» What to produce
Print, without alteration, the lines that extend from the one holding "Complete Gut Probiotics" to the final line of the listing below.

The records Start Marker

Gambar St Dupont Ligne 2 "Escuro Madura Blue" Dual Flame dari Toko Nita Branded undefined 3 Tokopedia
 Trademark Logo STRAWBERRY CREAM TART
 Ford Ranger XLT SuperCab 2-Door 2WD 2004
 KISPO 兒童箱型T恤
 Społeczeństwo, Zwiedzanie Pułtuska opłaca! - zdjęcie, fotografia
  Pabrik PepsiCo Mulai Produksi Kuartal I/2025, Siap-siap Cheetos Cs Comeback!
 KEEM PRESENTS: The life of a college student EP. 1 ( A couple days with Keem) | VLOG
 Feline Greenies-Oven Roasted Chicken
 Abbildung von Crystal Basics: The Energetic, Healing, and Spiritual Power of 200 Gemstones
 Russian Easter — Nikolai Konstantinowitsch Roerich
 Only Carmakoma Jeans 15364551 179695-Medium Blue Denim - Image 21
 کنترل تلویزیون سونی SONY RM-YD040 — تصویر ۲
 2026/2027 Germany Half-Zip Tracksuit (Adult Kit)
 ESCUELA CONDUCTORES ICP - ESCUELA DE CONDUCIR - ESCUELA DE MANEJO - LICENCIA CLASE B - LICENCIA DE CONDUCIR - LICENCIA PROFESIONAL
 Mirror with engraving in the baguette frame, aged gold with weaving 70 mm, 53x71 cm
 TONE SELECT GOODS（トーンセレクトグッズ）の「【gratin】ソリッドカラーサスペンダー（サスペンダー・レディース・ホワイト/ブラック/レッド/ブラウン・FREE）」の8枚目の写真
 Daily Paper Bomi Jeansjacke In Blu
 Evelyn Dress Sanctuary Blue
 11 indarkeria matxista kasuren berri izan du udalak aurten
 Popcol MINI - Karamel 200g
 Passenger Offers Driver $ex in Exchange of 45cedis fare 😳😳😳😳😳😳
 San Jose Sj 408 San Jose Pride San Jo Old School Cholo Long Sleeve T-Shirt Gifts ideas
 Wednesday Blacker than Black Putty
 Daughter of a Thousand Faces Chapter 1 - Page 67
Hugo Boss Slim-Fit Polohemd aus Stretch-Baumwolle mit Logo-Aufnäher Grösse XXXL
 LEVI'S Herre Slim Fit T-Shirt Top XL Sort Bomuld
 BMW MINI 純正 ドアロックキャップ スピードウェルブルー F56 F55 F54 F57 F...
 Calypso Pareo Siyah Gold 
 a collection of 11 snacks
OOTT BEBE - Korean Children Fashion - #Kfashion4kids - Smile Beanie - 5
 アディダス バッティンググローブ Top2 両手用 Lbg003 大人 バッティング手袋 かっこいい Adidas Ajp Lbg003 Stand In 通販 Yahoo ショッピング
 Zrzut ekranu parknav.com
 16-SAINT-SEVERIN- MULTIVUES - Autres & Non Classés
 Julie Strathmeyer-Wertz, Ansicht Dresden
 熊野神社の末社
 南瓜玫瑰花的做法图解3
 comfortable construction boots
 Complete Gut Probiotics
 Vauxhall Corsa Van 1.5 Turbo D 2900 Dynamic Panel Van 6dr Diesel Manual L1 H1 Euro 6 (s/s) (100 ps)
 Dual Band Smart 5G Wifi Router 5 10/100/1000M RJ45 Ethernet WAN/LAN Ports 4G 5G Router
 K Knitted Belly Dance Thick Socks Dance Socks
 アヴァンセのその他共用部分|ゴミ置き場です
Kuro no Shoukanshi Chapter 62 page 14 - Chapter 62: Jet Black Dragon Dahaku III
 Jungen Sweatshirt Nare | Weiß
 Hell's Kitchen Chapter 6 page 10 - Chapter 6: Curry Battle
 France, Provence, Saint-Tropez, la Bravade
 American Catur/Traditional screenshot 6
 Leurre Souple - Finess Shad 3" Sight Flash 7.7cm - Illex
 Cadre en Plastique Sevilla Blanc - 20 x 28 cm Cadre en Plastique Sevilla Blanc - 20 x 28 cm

The records End Marker

» Result for this exercise
 Complete Gut Probiotics
 Vauxhall Corsa Van 1.5 Turbo D 2900 Dynamic Panel Van 6dr Diesel Manual L1 H1 Euro 6 (s/s) (100 ps)
 Dual Band Smart 5G Wifi Router 5 10/100/1000M RJ45 Ethernet WAN/LAN Ports 4G 5G Router
 K Knitted Belly Dance Thick Socks Dance Socks
 アヴァンセのその他共用部分|ゴミ置き場です
Kuro no Shoukanshi Chapter 62 page 14 - Chapter 62: Jet Black Dragon Dahaku III
 Jungen Sweatshirt Nare | Weiß
 Hell's Kitchen Chapter 6 page 10 - Chapter 6: Curry Battle
 France, Provence, Saint-Tropez, la Bravade
 American Catur/Traditional screenshot 6
 Leurre Souple - Finess Shad 3" Sight Flash 7.7cm - Illex
 Cadre en Plastique Sevilla Blanc - 20 x 28 cm Cadre en Plastique Sevilla Blanc - 20 x 28 cm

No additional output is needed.